在西方文化的起源處,幸福一度被認為是來自上天的恩賜,與凡人的努力無關:「幸福是臨到我們的東西,我們不能掌控它。」福壽天成:天上的星辰、隱秘的宇宙法規、諸神的意志,這些才是幸福的起源,凡人所能選擇的不過是承受變幻莫測的命運,享受偶然降臨的幸福。「沒有一個人能夠逃掉注定的命運」,希羅多德曾如是感慨。在悲劇《俄狄浦斯王》中,作者索福克勒斯也借歌隊之口告誡觀眾:「不要說凡人是幸福的,在他還沒有跨過生命的界限,還沒有得到痛苦解脫之前。

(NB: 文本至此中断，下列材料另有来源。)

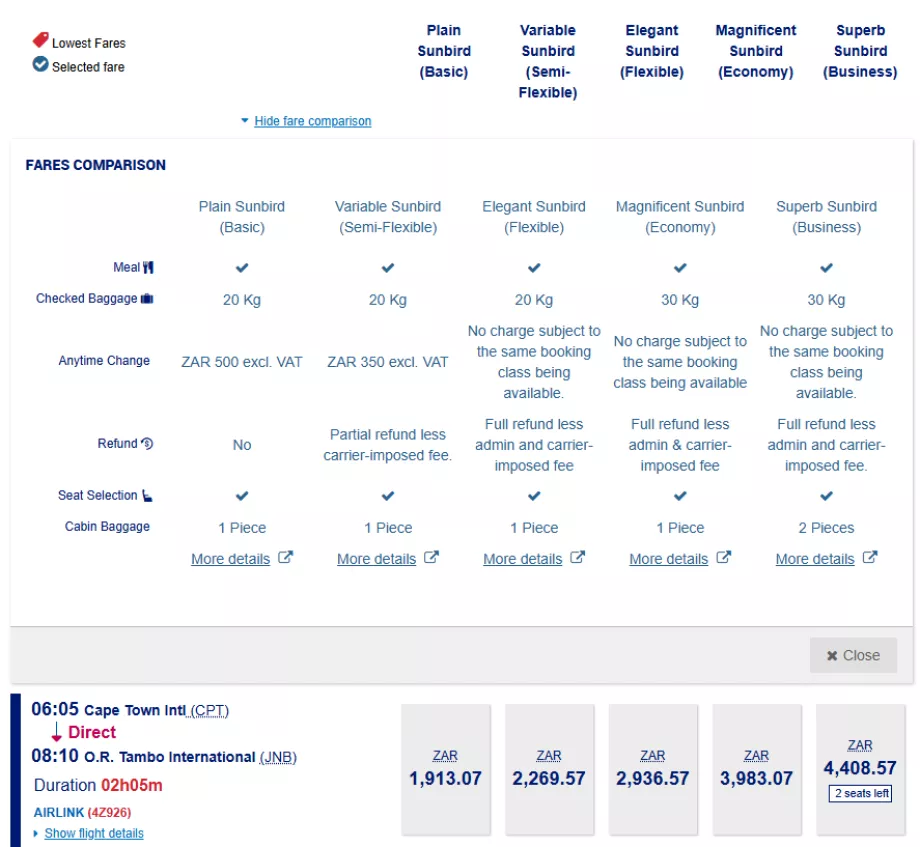 "Airlink" tarifų klasės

」不過,到了索福克勒斯的時代,古希臘出現了一個著名的轉折:凡人開始挑戰諸神的權威,個體不再輕易服從命運的安排,只有試圖抵抗命運的英雄才配當主角。雖然他們的抵抗大都失敗告終,但對抗命運的嘗試還是使「福壽天成」的原始觀念受到挑戰,一種新的幸福觀開始成形。

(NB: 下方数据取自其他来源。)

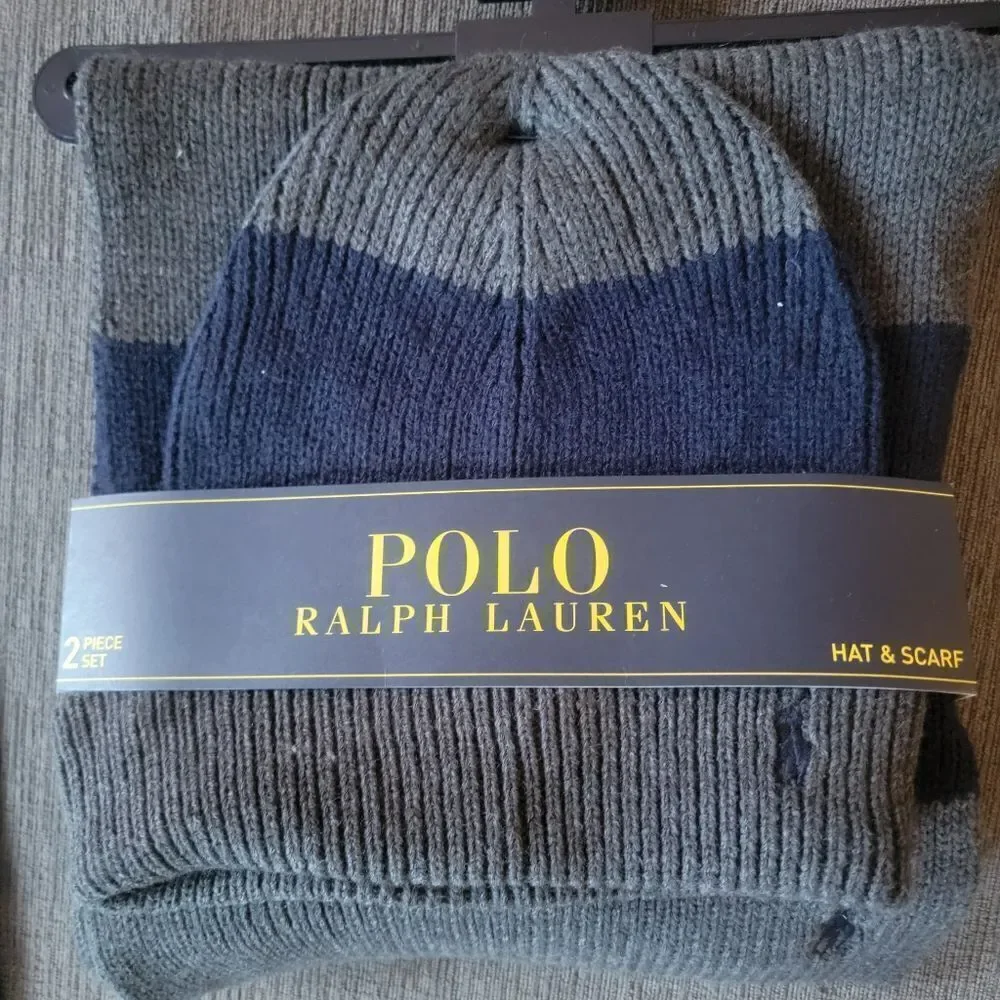 Polo Ralph Lauren Men's Grey & Navy Lambswool 2 Piece Set Hat & Scarf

無論從何種角度研究西方歷史,公元前五世紀都是個不能繞過去的階段。值此時代,世人目睹了雅典公民創造的一種新型政治——由「demos(人民)」掌控「kratos(權力)」的「demokratia(民主)」。從那以後,政治不再是少數人的專利,而是所有公民的事業。自我治理的新型實踐「為所有人提供了平等的正義」,把普通公民推向了歷史的前台。參與的自由激發了個體的榮譽感和創造力,推動他們追求自己的幸福:「正是在民主的雅典,個人才能提出那項偉大的、有誘惑力的目標,他們敢於這樣夢想:他們能夠為自己追尋幸福並獲得幸福」。於是,宿命論的宇宙框架開始鬆動,人不斷擴大自治範圍,「甚至跨入了一直屬於諸神的領地」,嘗試為自己制定幸福的尺度。在柏拉圖的《會飲篇》中,我們可以看到縱論天下的雅典知識分子給幸福下了兩種主要定義:其一,幸福就是與愛神(Eros)親近;其二,幸福就是在追求至善的過程中體驗銷魂的快樂。前者樹立了尊重感覺的幸福觀,後者則強調:只有在自我掌控的過程中,靈魂才能抵達至善之境。這兩種答案表面上相互牴觸,但其共同點清晰可見:追求幸福的權利屬於個人,獲得幸福是自我治理活動的一部分。自我治理是個人追求自己的目的,幸福就誕生於實現計劃的過程中。只要我們不放棄追求的權利,「幸福將被普遍享有」。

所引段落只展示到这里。